It shows many potential data sources for an OCI Analytical Data Platform that is based on Oracle Autonomous Database as a data server engine. What are the features of the OCI Data Platform that you could use to leverage those sources for your analytics needs following a Zero ETL approach?

Let’s begin with minimizing data movement and latency:

OCI Lakehouse - Minimizing data movement and latency capabilties

Direct Data Access: you can query data sources directly with:
- Oracle-Managed Heterogeneous Connectivity: allows you to easily create database links to non-Oracle databases. When you use database links with Oracle-managed heterogeneous connectivity, Autonomous Database configures and sets up the connection to the non-Oracle database. You can then leverage all the built-in analytical capabilities of Oracle Autonomous Database (machine learning, graph, spatial, pattern matching, analytic views, text analytics) to analyze data from Non-Oracle databases.
- Customer-Managed Heterogeneous Connectivity: This type of connectivity allows for the creation of database links by leveraging the Oracle Database Gateway. You can use Customer-Managed Connectivity as an alternative to link data sources that are currently not supported by Oracle-Managed Connectivity or that don’t provide compatible end-points (Oracle-Managed Connectivity, in most cases, supports only public end-points).
- Cloud Links: Cloud Links provide a cloud-based method to remotely access read-only data on an Autonomous Database instance. With Cloud Links, the data owner registers a table or view for remote access for a selected audience defined by the data owner. The data is then instantly accessible by everybody who got remote access granted at registration time. Whoever is supposed to see and access those data will be able to discover and work with the data made available to them.
- Autonomous Data Sharing: Oracle Autonomous Database supports the Delta Sharing protocol as a Data Provider and a Data Recipient, enabling secure and seamless data exchange with Oracle and external non-Oracle systems.
In addition, the OCI Lakehouse, based on the Autonomous Data Warehouse, allows users to connect to external Object Storage (OCI Object Storage, AWS S3, Azure Blob Storage, Google Cloud Storage) to directly query data stored in many different types of files (csv, AVRO, Parquet, ORC, JSON). This enables a schema-on-read approach that can highly increase the agility and flexibility of the Zero ETL solutions.
Data Federation: We have files in Object Storage, links to objects in heterogeneous systems, different data share end-points, and we have Autonomous Data Warehouse, the engine that can query all those different sources and federate the results in a single output.
Event-Driven Ingestion: event-driven, real-time data ingestion and processing are enabled by Oracle GoldenGate. You can capture only the changes in data sources and replicate them to the target (Autonomous Data Base or Object Storage in this case). Source and target systems are aligned in real-time, minimizing data movement and data latency.

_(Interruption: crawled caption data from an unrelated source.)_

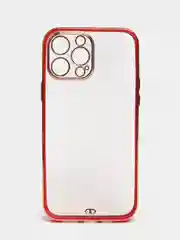 Красный чехол силиконовый с золотым ободком IPhone 13 PRO MAX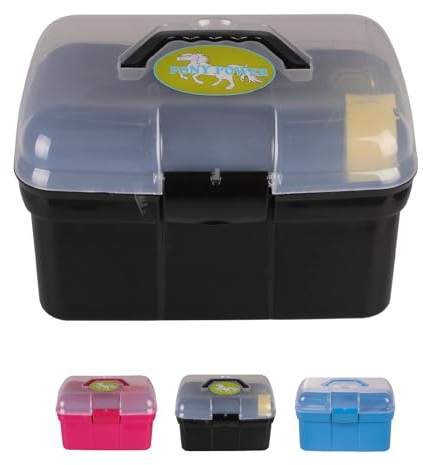 NETPROSHOP Putzbox mit verschiedenen Bürsten in passenden Farben ca.29x19x20cm Pferdepflege, Farbe:Schwarz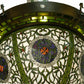 Meyda Lighting Grand Tulip Medallion 70" 22-Light 6-Arm Black Hills Gold Chandelier With Green & White Shade Glass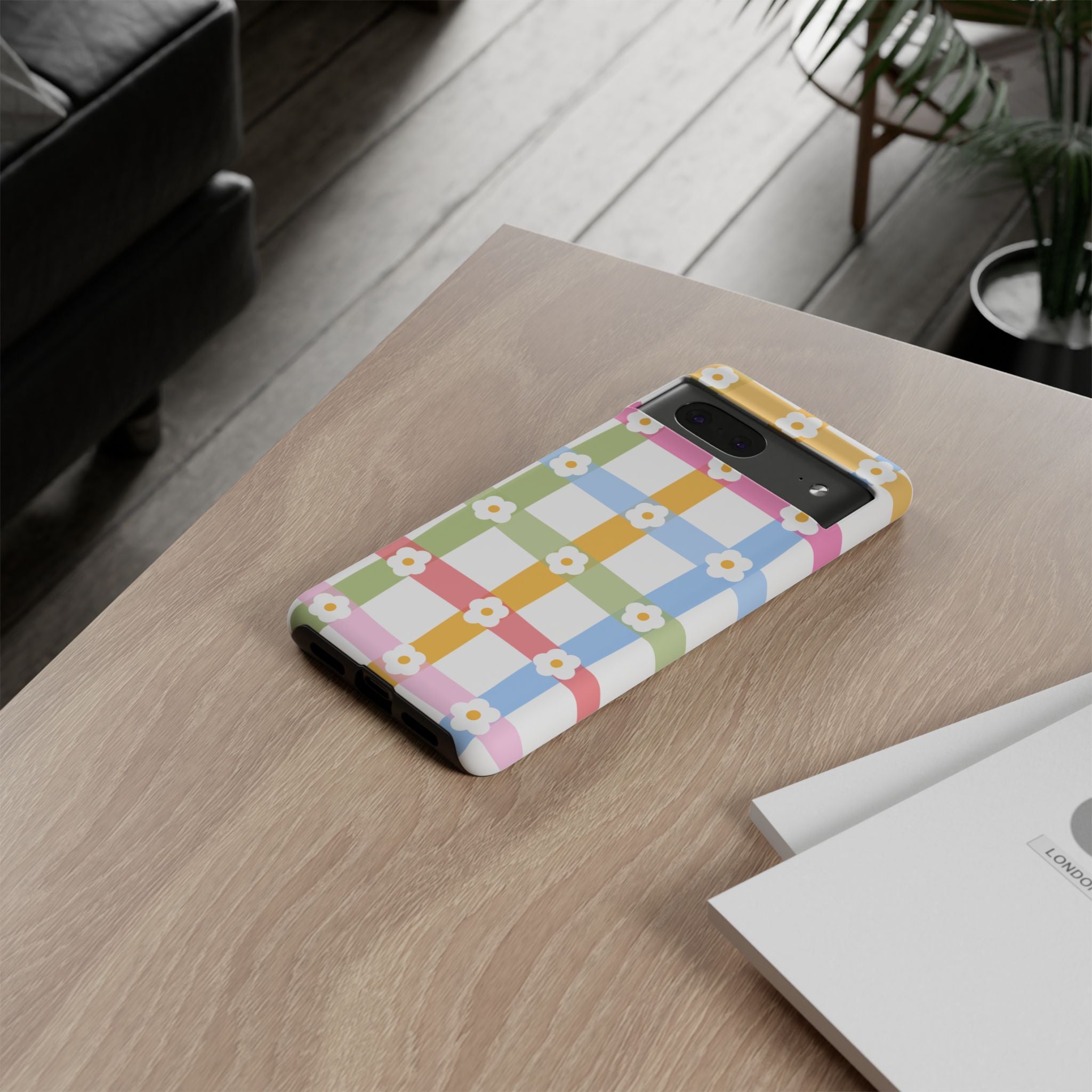 Floral Gingham  Pastel Checkerboard Phone Cover with Daisies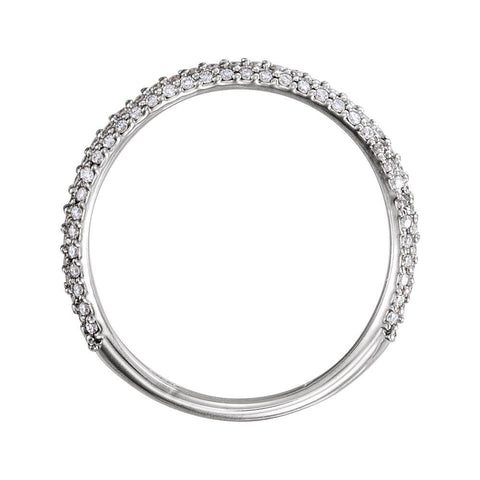 14k White Gold 1/2 CTW Diamond Band, Size 7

So far, we have access to quite a complete bunch of data sources with no or minimal data latency and movement, and we can query them. That’s good. We’ve managed to minimize the Extract part, but, what about the Transform one? Let’s add some functionality to the architecture design:

OCI Lakehouse - Minimizing physical transformations

Well, we know that Transform should be minimized and on-the-fly as much as possible to please a Zero ETL approach. In that perspective, we can leverage the capabilities highlighted in the picture above, namely:

Views and Materialized Views in Oracle Autonomous Data Warehouse: Views are particularly useful in a Zero ETL approach when you need to analyze data from different sources or different parts of your database schema, eventually performing the data integration and data transformation tasks that are often required to ease access for data consumers. You can also choose to create Materialized Views to improve query performance, especially when you need to precalculate expensive joins and aggregation operations. Clearly, Materialized Views introduce the need for a refresh, but with Oracle Database, you have multiple options to do it automatically and efficiently.
Analytics Views in Oracle Autonomous Data Warehouse: with Autonomous Data Warehouse Studio, you can visually create Analytics Views (alternatively, you can manually create Analytics Views with the related Oracle SQL DDL statements). They are implemented as materialized views and provide a way to simplify complex SQL queries, especially those involving analytical and reporting functions, since they allow to define measures, dimensions, and hierarchies that represent the most intuitive, consolidated, and well-known modeling approach to analyze data from a business perspective. They can involve multiple tables and join them to provide a comprehensive dataset for analysis.
Oracle Analytics Cloud Semantic Model: Oracle Analytics Cloud provides a full set of capabilities to explore and perform collaborative analytics (visualizations, dashboarding, self-service analytics, augmented analytics, self-service data preparation, and others). With OAC you can also build a semantic model. A semantic model is a metadata model that contains physical database objects that are abstracted and modified into logical objects. In a semantic model, you can create logical structures (combining and joining different physical data structures), logical calculations, and logical aggregations. A semantic model then acts like a translation layer between your logical/semantic objects and your underlying data structures.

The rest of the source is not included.